■ Exercise instructions ■
What is needed is a single figure: how many lines of the records below contain the word "view".

■ Records from a data source ■
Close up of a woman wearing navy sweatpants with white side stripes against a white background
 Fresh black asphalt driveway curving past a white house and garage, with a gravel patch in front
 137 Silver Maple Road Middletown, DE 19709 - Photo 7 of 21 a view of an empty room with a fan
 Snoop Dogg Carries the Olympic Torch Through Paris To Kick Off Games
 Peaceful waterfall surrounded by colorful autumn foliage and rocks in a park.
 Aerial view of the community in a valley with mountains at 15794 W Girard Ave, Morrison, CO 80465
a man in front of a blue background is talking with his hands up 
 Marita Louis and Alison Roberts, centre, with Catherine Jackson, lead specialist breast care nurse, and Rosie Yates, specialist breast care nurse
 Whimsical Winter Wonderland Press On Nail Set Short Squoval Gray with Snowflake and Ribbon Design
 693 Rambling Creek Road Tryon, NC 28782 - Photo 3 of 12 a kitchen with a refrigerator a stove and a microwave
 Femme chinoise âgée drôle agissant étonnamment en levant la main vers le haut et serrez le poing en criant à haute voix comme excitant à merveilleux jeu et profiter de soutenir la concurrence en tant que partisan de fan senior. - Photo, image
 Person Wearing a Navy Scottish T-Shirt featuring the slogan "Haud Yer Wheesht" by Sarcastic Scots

■ Task output ■
2